Wednesday, July 02, 2008

Where the cuts are coming from

I was looking for any fallout from the Herald Ombudsman's reaction to a blog post by sports reporter/columnist Armando Salguero and ran into this column from several days ago in which Schumacher-Matos details the layoffs at 1 Herald Plaza.

The relevant excerpts:

The 347 current newsroom staff will be reduced by about 40 people, [Herald Executive Editor Anders Gyllenhaal] said. Most of the cuts will be in management, supervisors, copy editors, photographers and the like. Only about 6 of the 125 reporters will be let go, he said.

The Web, Neighbors, Broward County and investigative staffs remain largely intact, reflecting what the publisher and editor consider important for The Miami Herald's future. Latin American coverage will continue to be seen as part of the paper's ''franchise,'' too, with roughly the same staffing and space, Gyllenhaal said.

Staffing at El Nuevo Herald, which has seen its circulation go up while the English paper's has gone down, will be reduced by 9 employees from a staff of 70, though the two editions will share photographers now. The sharing of some content between the two newspapers will continue to grow, Gyllenhaal said.

Eleven jobs will be outsourced. Archiving, calendar listings and the International Edition will be done now in India, for example, while the six staffers who currently do The Miami Herald's programming on WLRN Radio will be transferred to a new, third-party company.

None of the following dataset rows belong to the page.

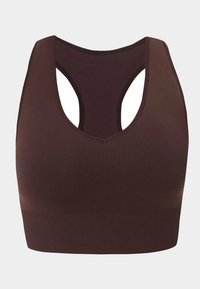Brassière de sport marron foncé uni sans coutures avec larges bretelles et dos nageur sur fond gris clair.
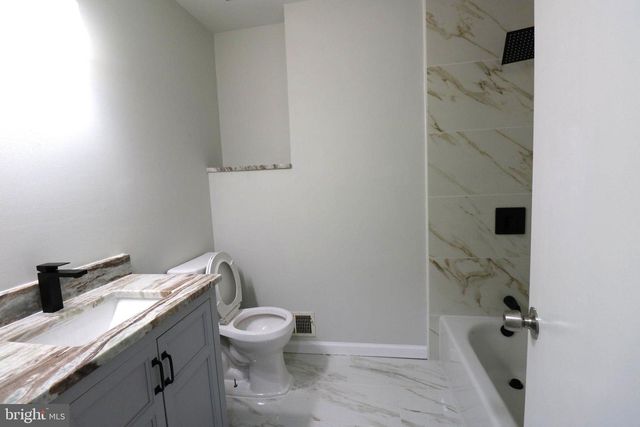 8917 2ND ST, Lanham, MD 20706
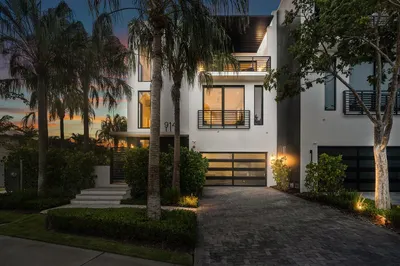 051-914PalmTrail-DelrayBeach-FL-33483-SM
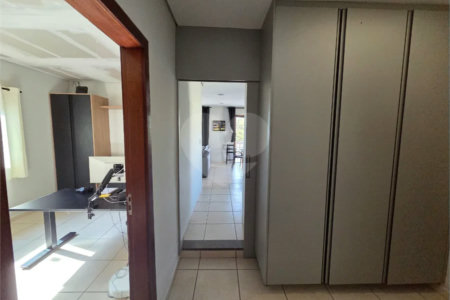 Casa com 3 dormitórios e piscina no Condomínio Cafezal VI em Itupeva SP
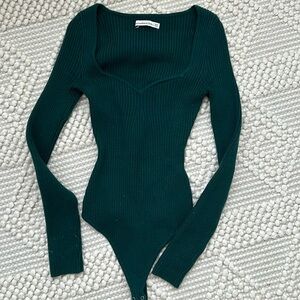 Abercrombie emerald green long sleeve sweater body suit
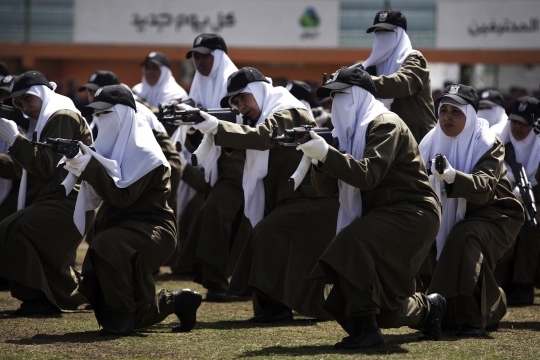 Aksi tentara wanita berhijab di Gaza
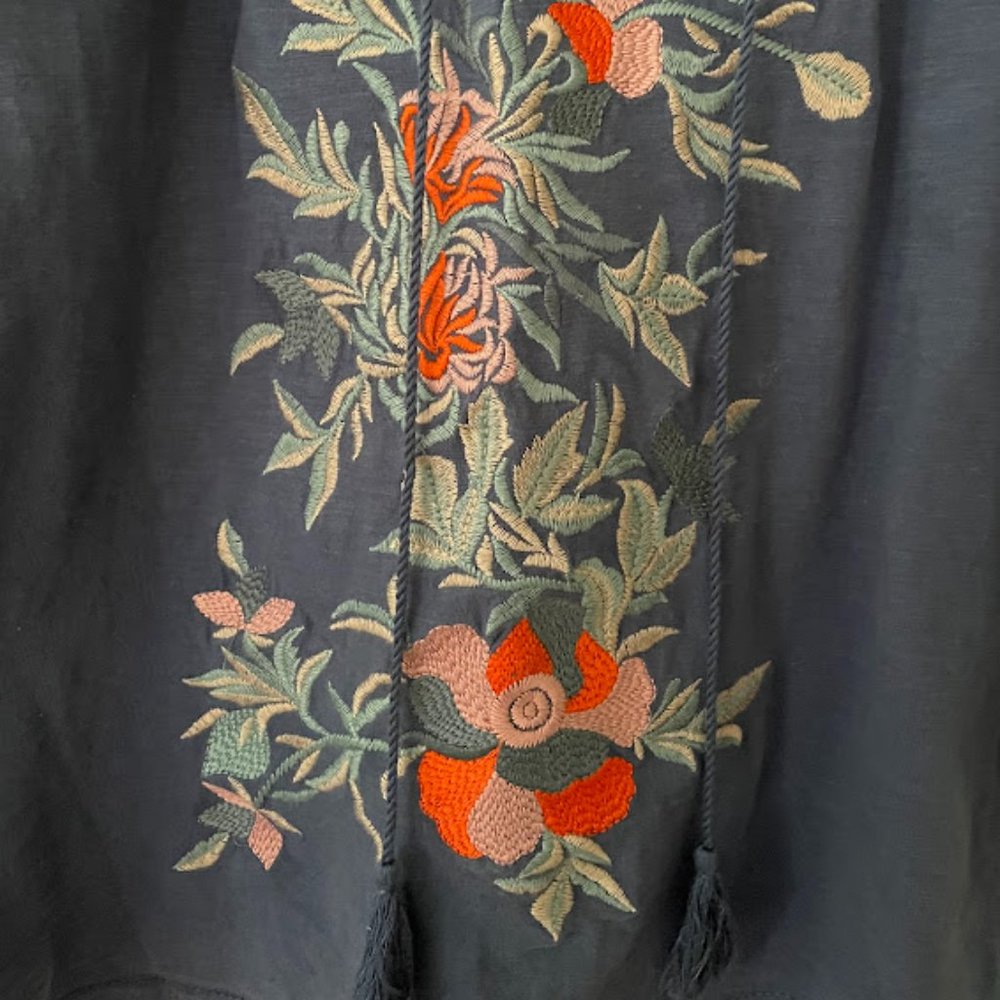 Solitaire Embroidered Balloon Sleeve Blouse - Picture 9 of 9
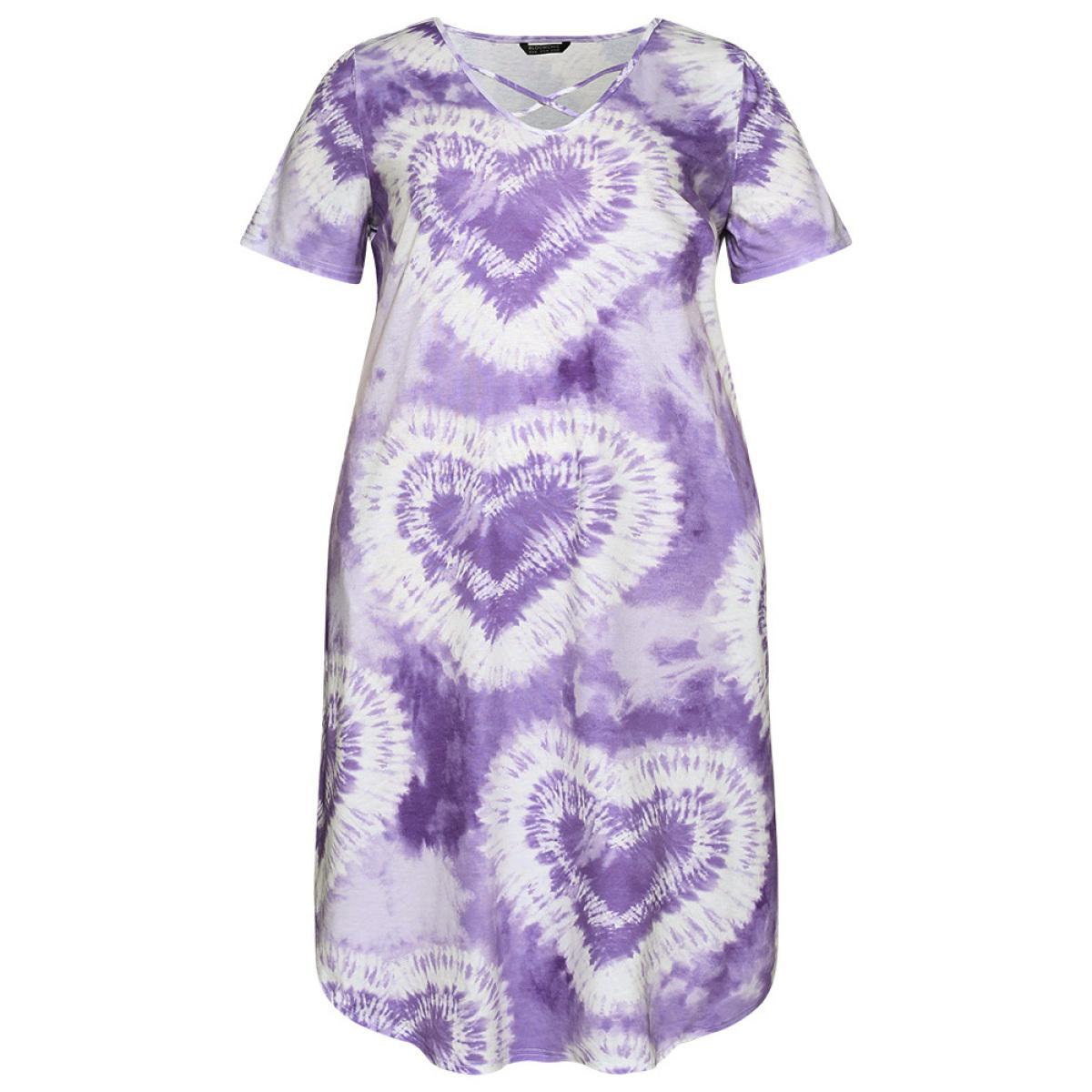Plus Size Heart Print Tie Dye Pocket Crisscross Neck Dress Lilac Women Casual Printed V-neck Short sleeve Curvy Midi Dress BloomChic 30/6X Product Image
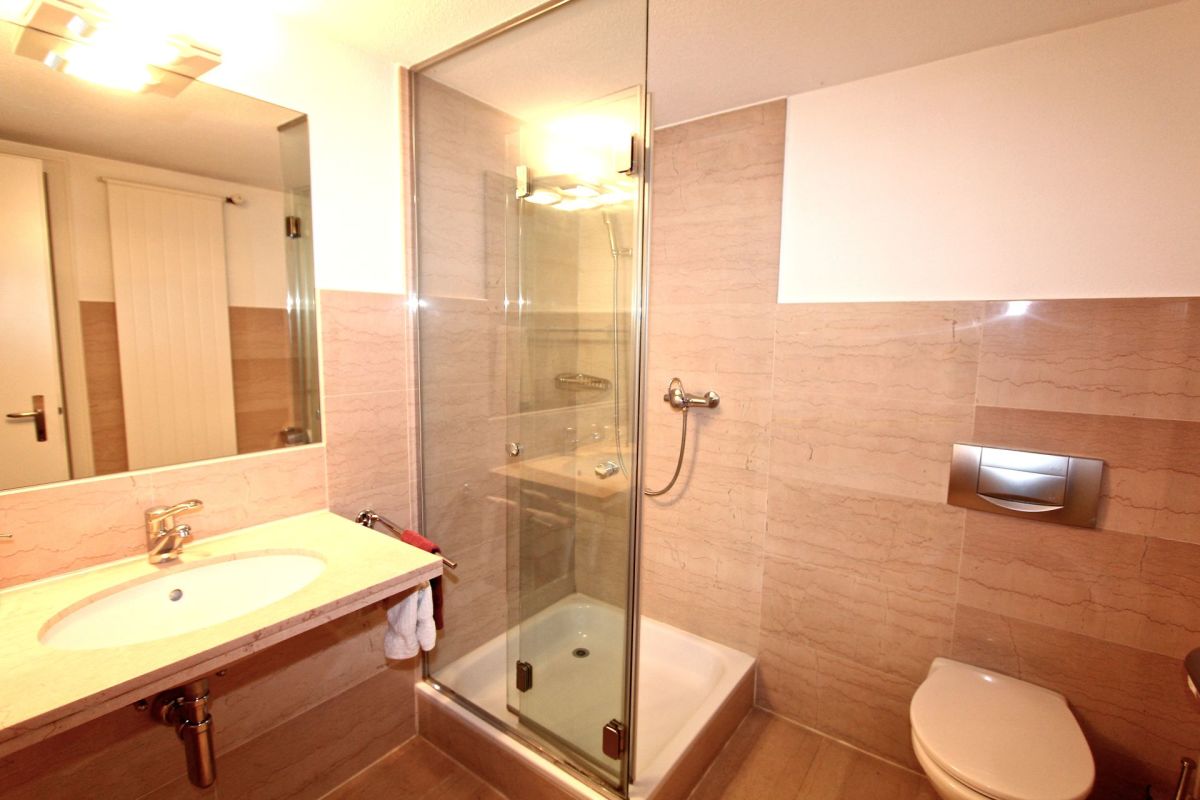 Modernes Badezimmer mit Dusche und WC
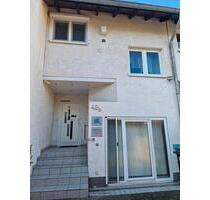 Reihenmittelhaus - 365.000,00&nbsp;EUR Kaufpreis, ca.&nbsp; 124,00&nbsp;m&sup2; in Unna (PLZ: 59423)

State coverage in Tallahassee and outside the paper's core distribution area of Miami-Dade, Broward and Monroe counties will be reduced by two positions, a trend across the country. Two other positions, classical music and at-large cultural critics may also go. Cultural criticism is arguably important to the community's economic growth. ''We don't yet know how this will end up, but it's a good example of an area of coverage that is very important, and must be in the paper one way or another,'' Gyllenhaal said.

Implementing a universal copy-editing desk and standardizing design templates for inside pages will create internal efficiency that readers may not notice, though I fear that the cuts in copy editors and supervisors treads dangerously on maintaining quality control. Editors keep reporters, especially young ones, in check.
This answers the question of what was happening at the Herald's red-headed step child, El Nuevo Herald.